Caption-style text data
☆ ☆ ☆
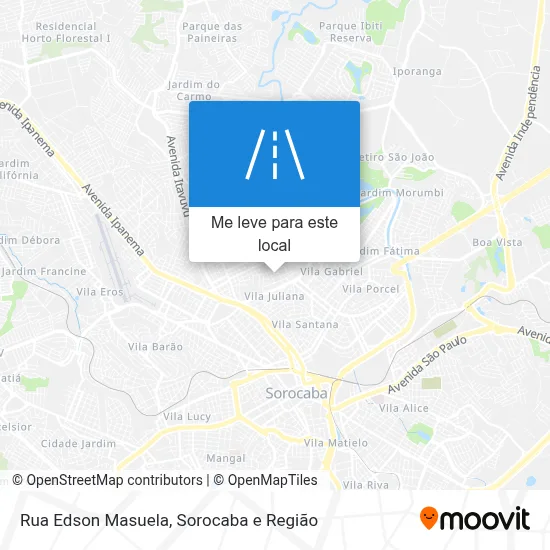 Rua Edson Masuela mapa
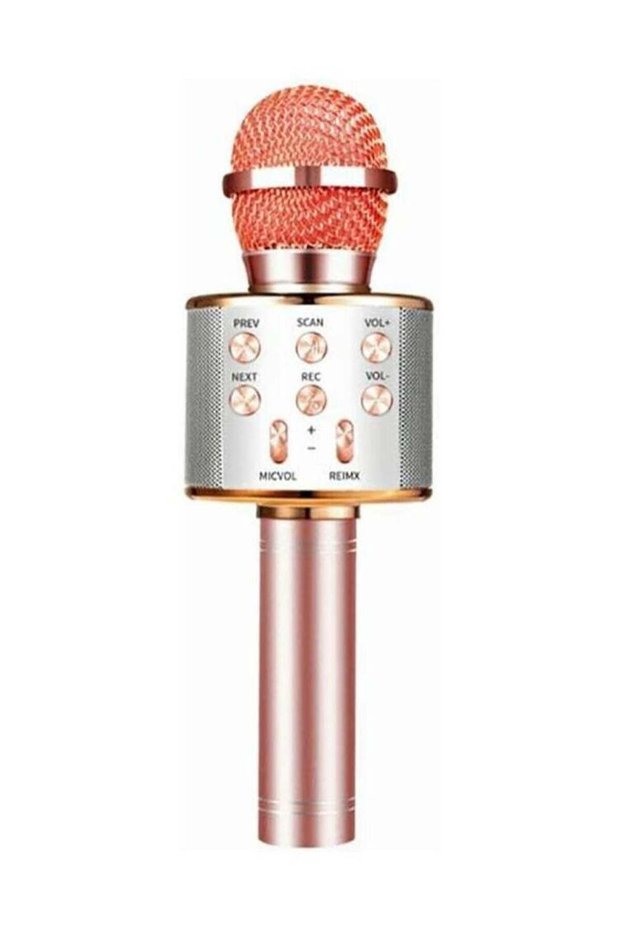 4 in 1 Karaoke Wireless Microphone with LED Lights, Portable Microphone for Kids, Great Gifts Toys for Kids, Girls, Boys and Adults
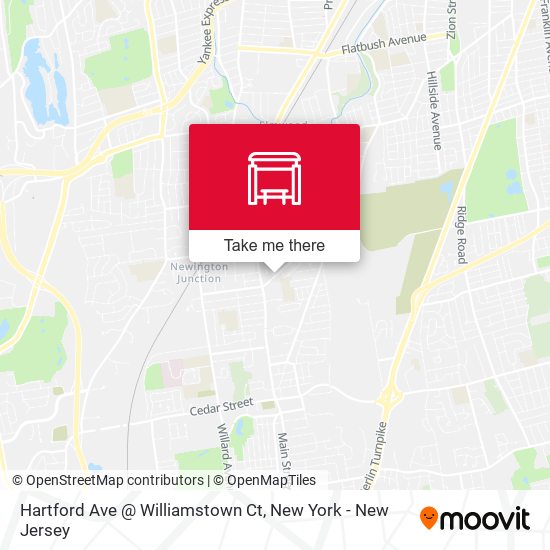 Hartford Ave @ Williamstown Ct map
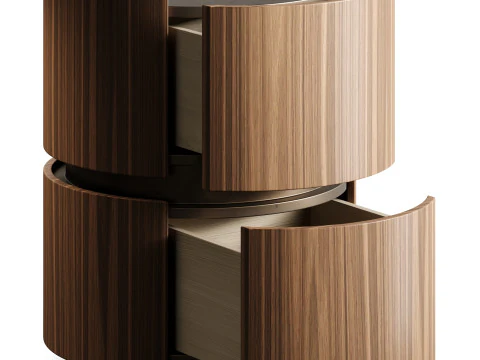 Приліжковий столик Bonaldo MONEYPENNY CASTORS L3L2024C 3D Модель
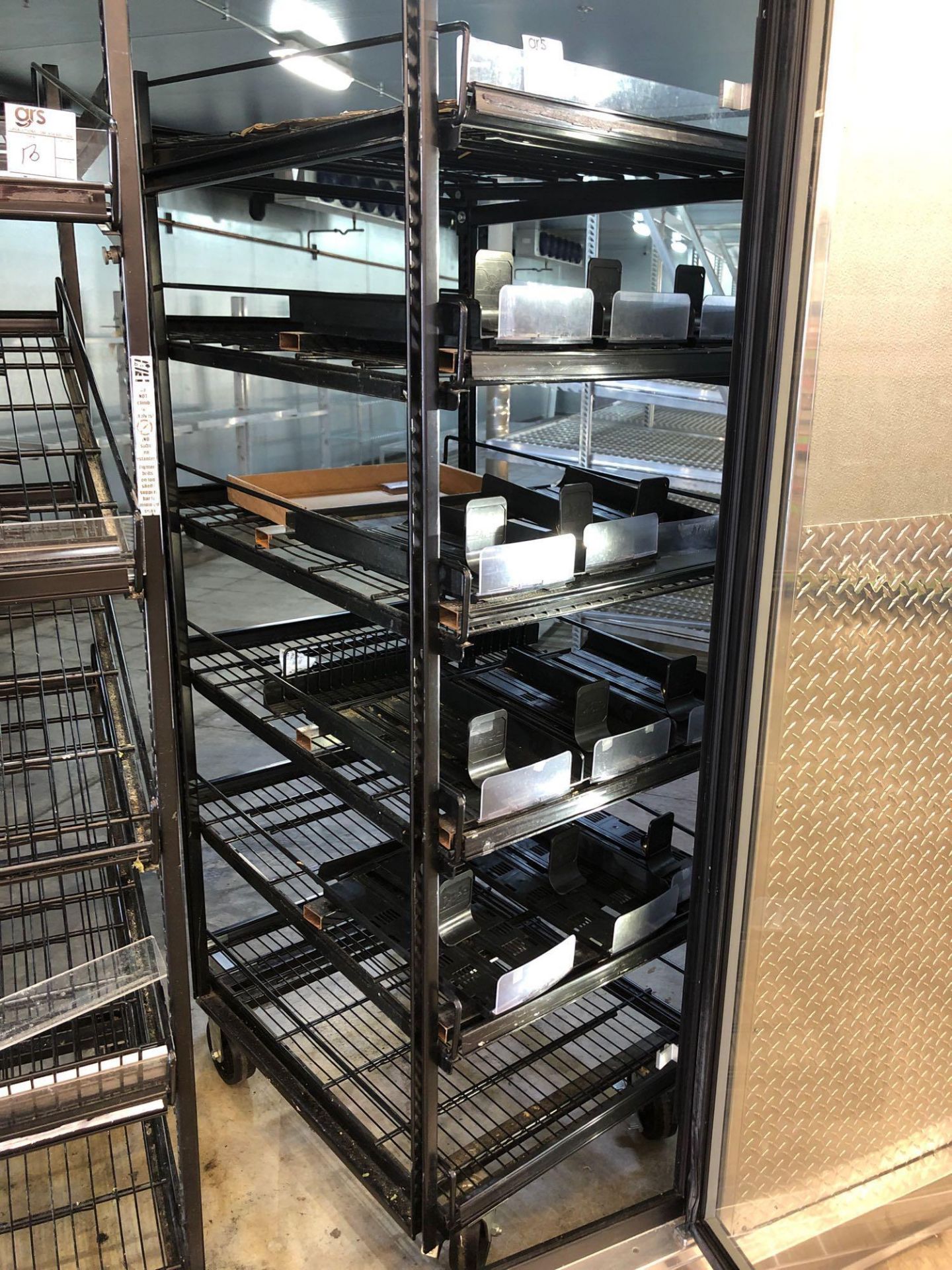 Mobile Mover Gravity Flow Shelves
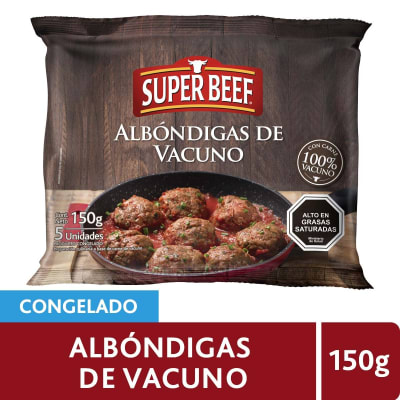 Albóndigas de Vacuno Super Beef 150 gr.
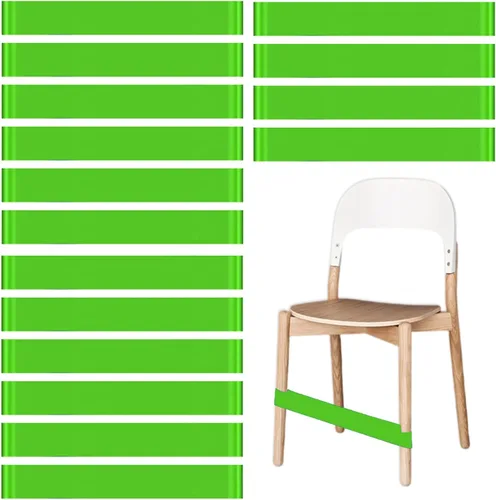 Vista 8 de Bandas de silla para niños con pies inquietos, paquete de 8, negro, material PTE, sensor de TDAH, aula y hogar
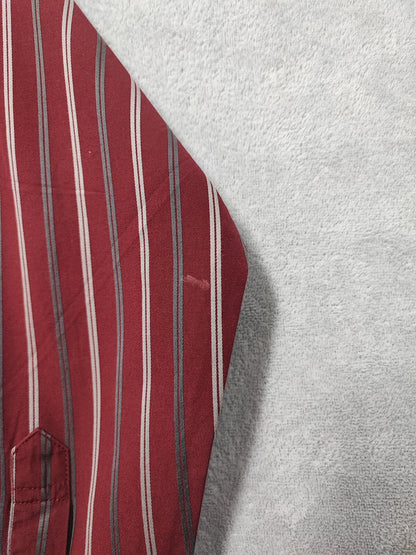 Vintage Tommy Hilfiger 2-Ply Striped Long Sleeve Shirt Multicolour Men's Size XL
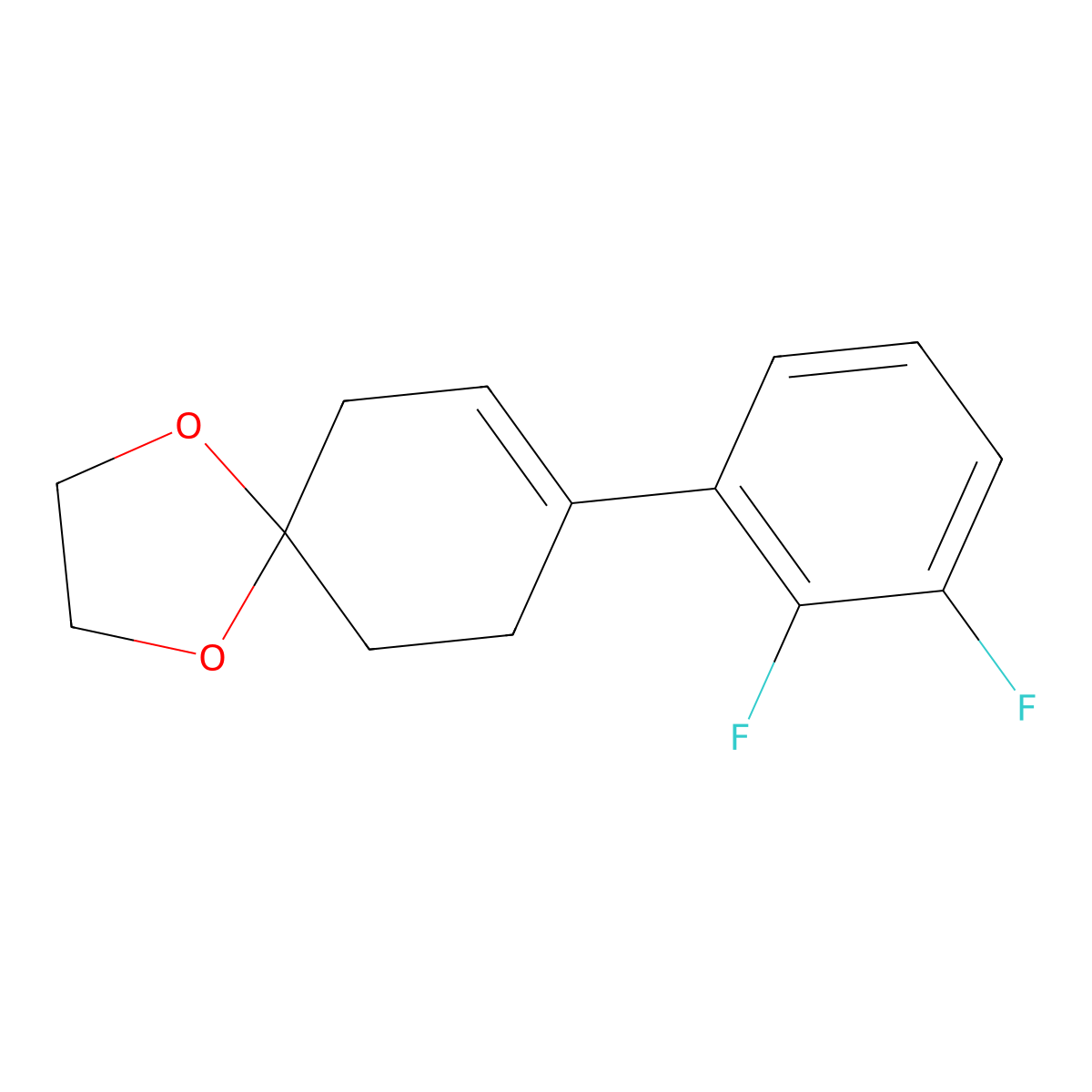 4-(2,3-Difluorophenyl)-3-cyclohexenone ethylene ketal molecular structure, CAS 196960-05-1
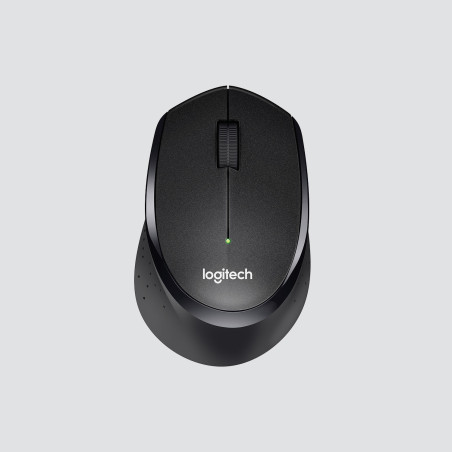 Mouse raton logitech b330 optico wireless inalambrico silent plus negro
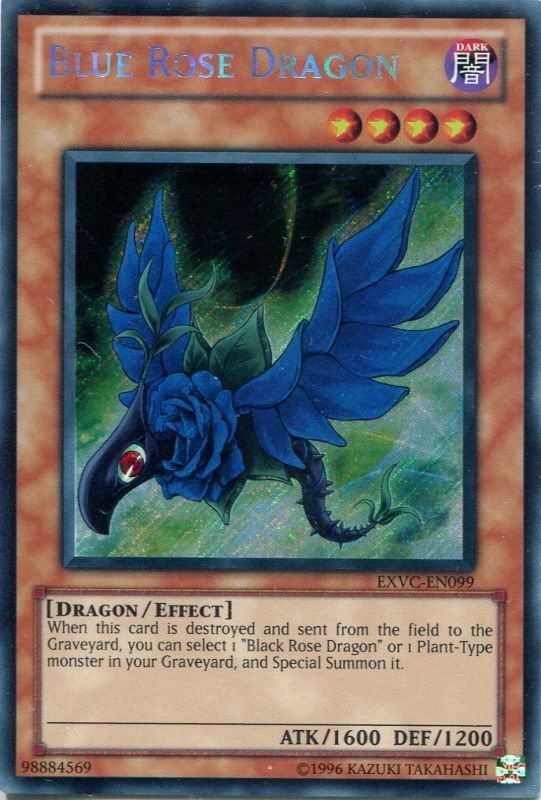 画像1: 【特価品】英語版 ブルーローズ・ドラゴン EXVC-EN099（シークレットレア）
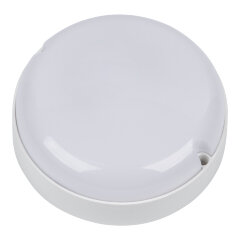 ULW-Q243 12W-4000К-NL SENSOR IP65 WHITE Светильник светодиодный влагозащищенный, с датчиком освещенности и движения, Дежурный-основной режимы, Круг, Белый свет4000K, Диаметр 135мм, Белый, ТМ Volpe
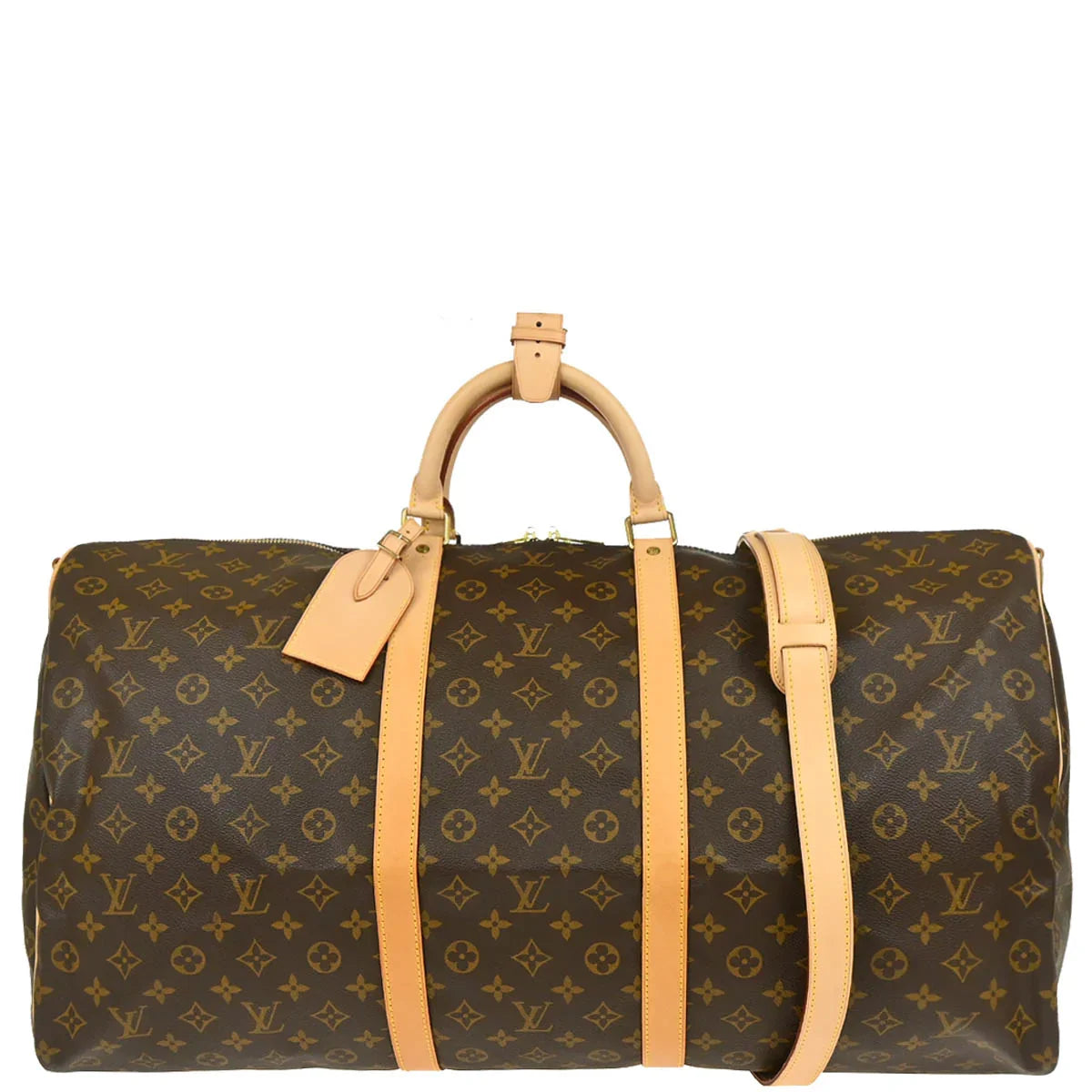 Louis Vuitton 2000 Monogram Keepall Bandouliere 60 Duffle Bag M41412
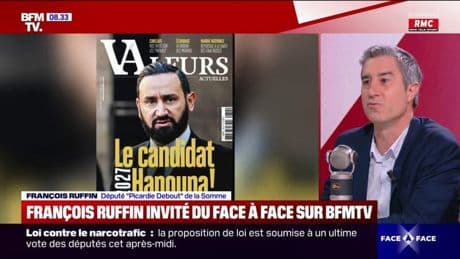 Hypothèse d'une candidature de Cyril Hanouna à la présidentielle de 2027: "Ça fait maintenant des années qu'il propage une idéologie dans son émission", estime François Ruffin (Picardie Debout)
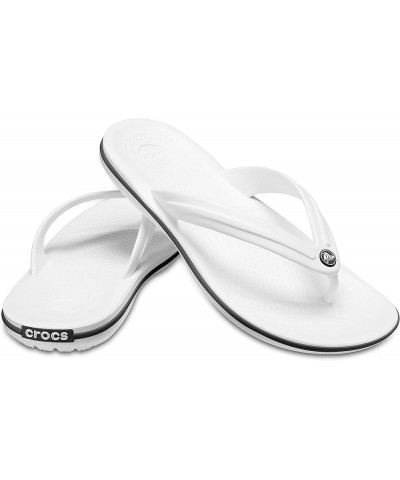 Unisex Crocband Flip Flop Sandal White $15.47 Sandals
☆ ☆ ☆
The line containing "Vista 8 de Bandas" marks the start: set down exactly that line and every line after it through the last line of the data, without any pictures.

**Solution to this exercise**
 Vista 8 de Bandas de silla para niños con pies inquietos, paquete de 8, negro, material PTE, sensor de TDAH, aula y hogar
 Vintage Tommy Hilfiger 2-Ply Striped Long Sleeve Shirt Multicolour Men's Size XL
 4-(2,3-Difluorophenyl)-3-cyclohexenone ethylene ketal molecular structure, CAS 196960-05-1
 Mouse raton logitech b330 optico wireless inalambrico silent plus negro
 画像1: 【特価品】英語版 ブルーローズ・ドラゴン EXVC-EN099（シークレットレア）
 ULW-Q243 12W-4000К-NL SENSOR IP65 WHITE Светильник светодиодный влагозащищенный, с датчиком освещенности и движения, Дежурный-основной режимы, Круг, Белый свет4000K, Диаметр 135мм, Белый, ТМ Volpe
 Louis Vuitton 2000 Monogram Keepall Bandouliere 60 Duffle Bag M41412
 Hypothèse d'une candidature de Cyril Hanouna à la présidentielle de 2027: "Ça fait maintenant des années qu'il propage une idéologie dans son émission", estime François Ruffin (Picardie Debout)
 Unisex Crocband Flip Flop Sandal White $15.47 Sandals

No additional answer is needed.